Yes, I normally block videos and all plugins. I don't have to block images by
default any more, thankfully the obnoxious animated ones have mostly moved to
Flash.

Occasionally I'll switch browsers and permit specific youtube videos.

 _For that matter, why not use Lynx?_

My recollection is that Lynx does not support proportionally-spaced fonts or
images. If this is incorrect, I'll consider using it.

In fact, I do know someone who uses exclusively text-based browsers. She's
doing research on accessibility issues for the visually impaired.

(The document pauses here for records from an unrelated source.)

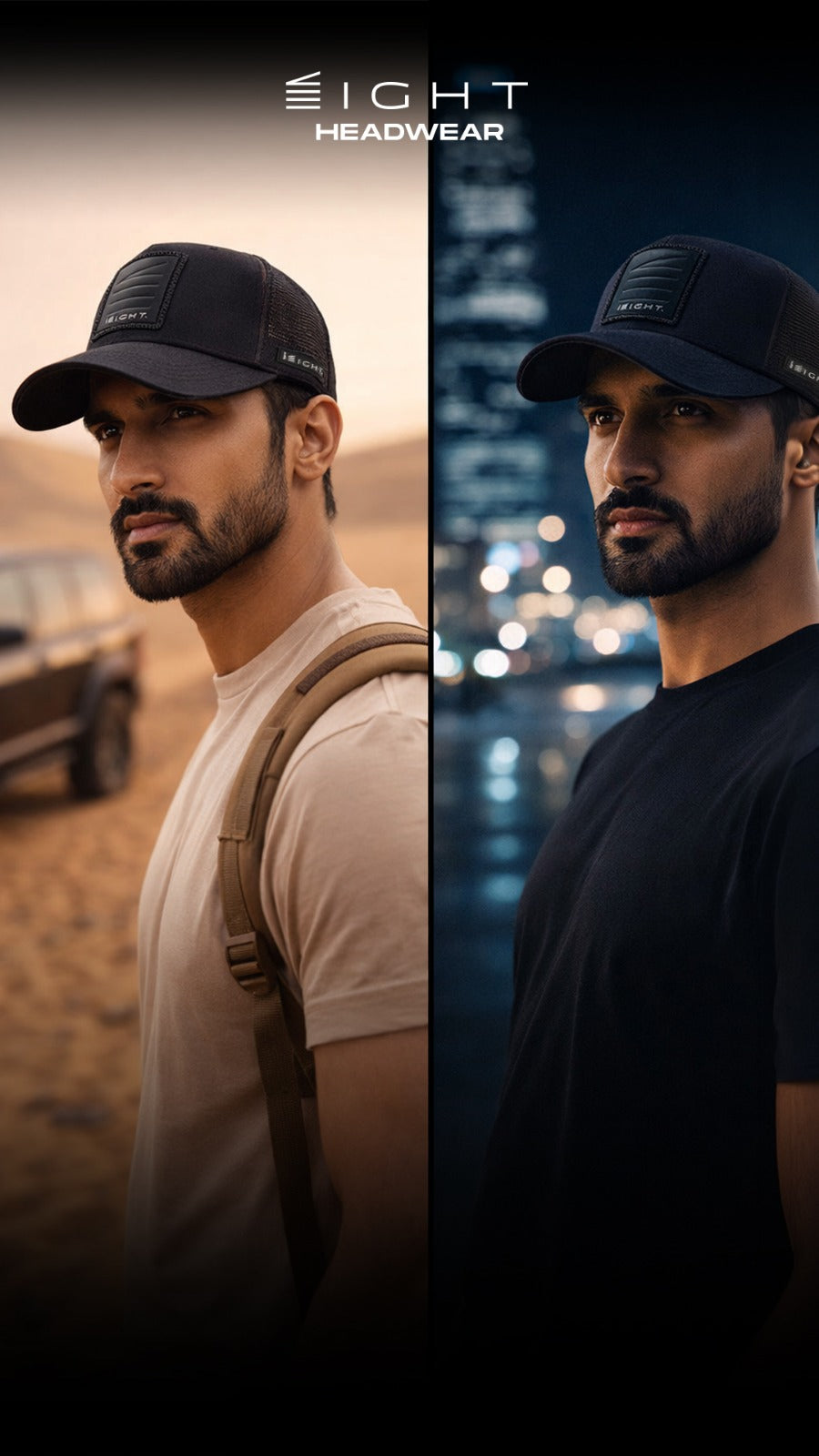 The ight Black Cotton Trucker Cap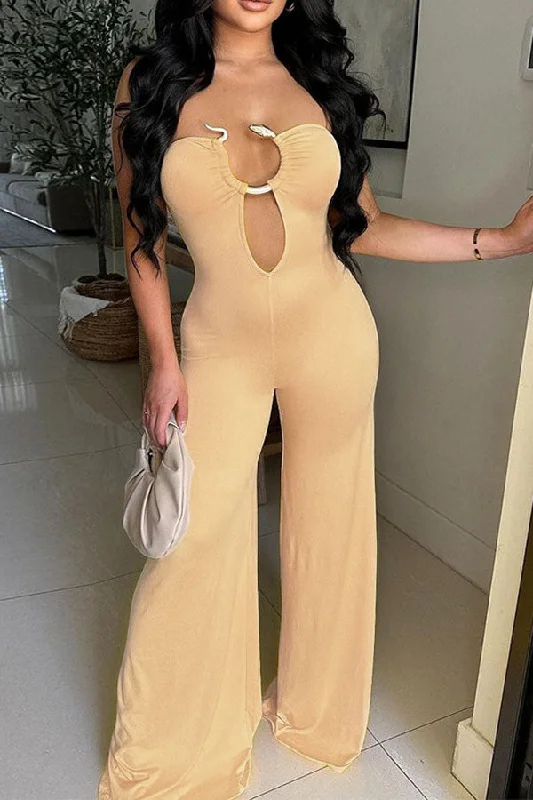 Solid Color Strapless Feminine Metal Decor Cutout Jumpsuit Hollywood Glam Award - Show Style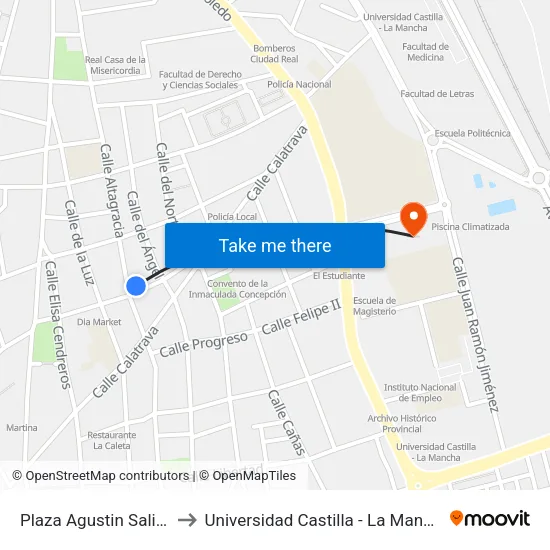 Plaza Agustin Salido to Universidad Castilla - La Mancha map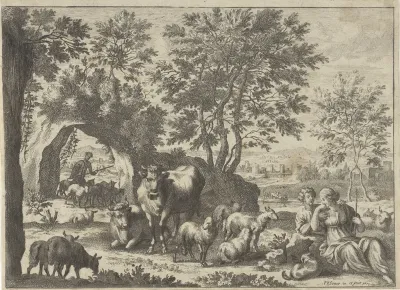 Herder en herderin bij een kudde
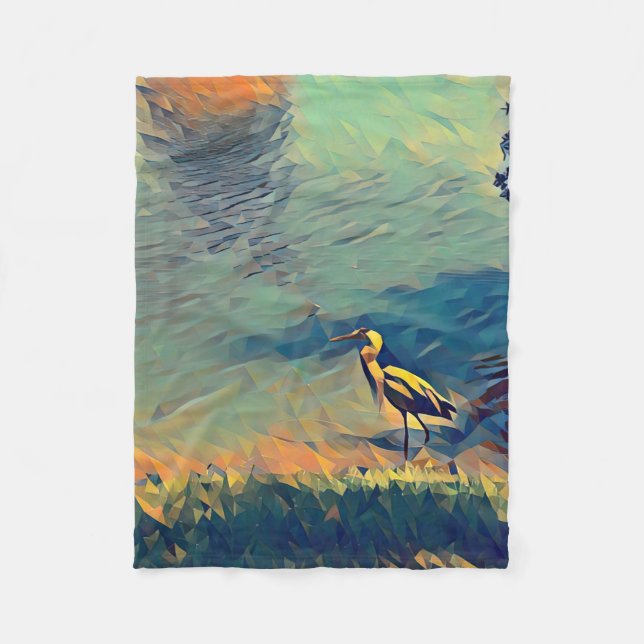 Bird Gone Fishing Fleece Blanket (Front)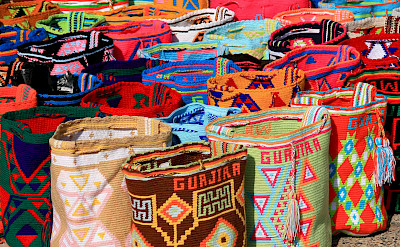 Wayuu handcrafted mochilas woolen bags for sale in Riohacha, Colombia. Flickr:Tanenhaus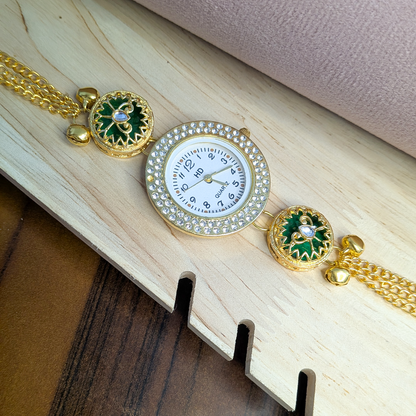 Floral Stone Round Dial Kashmiri Watch for Women & Girls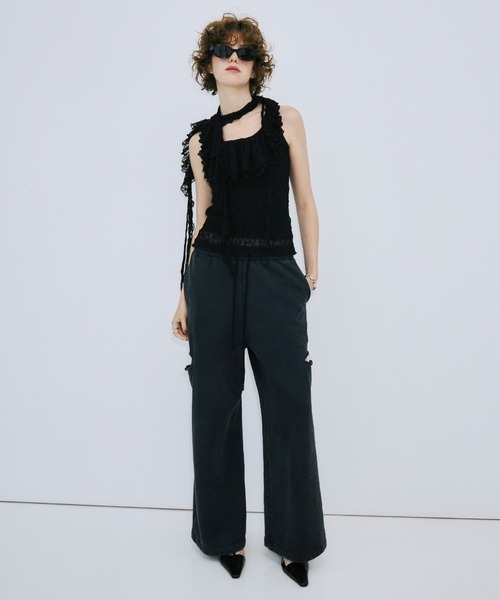 JOSE MOON(ジョゼムーン)の「RAFFLE LACE TOPS/ラッフルレーストップス(その他トップス・レディース・サックスブルー/ホワイト/ブラック・FREE)」の10枚目の写真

 _I really do not understand the sort of Luddite motivations that drive
someone to disable Javascript._

Maybe if you didn't presume it to be a Luddite motivation, you'd have a chance
at understanding it.

 _You're drawing an arbitrary line in the sand that cuts you off from a great
deal of perfectly legitimate functionality. Could you explain exactly what
you're gaining in return?_

Well I will enable script for specific sites that I want to do business with.
But it's done intentionally and limited in scope. If the site requires scripts
from a bunch of shady domains and ad networks, I'm much less likely to do
business with them.

By aggressively disabling Javascript and not installing Flash I gain:

1\. Security: Less attack surface, less frequent patching, less risk of
getting pwned by drive-by malware. Fewer trusted domains in my page origin.

2\. Privacy: A lot of advertiser tracking stuff depends on script running in
your browser. Declining to run their script seems to cut down significantly on
the amount of personally-identifiable info you're constantly broadcasting as
you use the web.

3\. Faster page loading.

4\. Fewer advertisements, pop-overs, and other useless blinking crap in my
visual field detracting from the words and occasional image on the page which
convey 99% of the meaning.

5\. By avoiding proprietary plug-ins I follow open standard (w3c, IETF)
technologies. These are consistently winners in the long run.

6\. I learn a little about the mindset of the developer of the site. Take a
look at who's running script in your browser in news.ycombinator.com and
compare that to any of the Gawker media sites for example.

 _Isn't this just another incarnation of 1990s-era cookie paranoia?_

Similar in some ways, different in others. Cookies have some very similar
security properties to that of scripts WRT same-origin.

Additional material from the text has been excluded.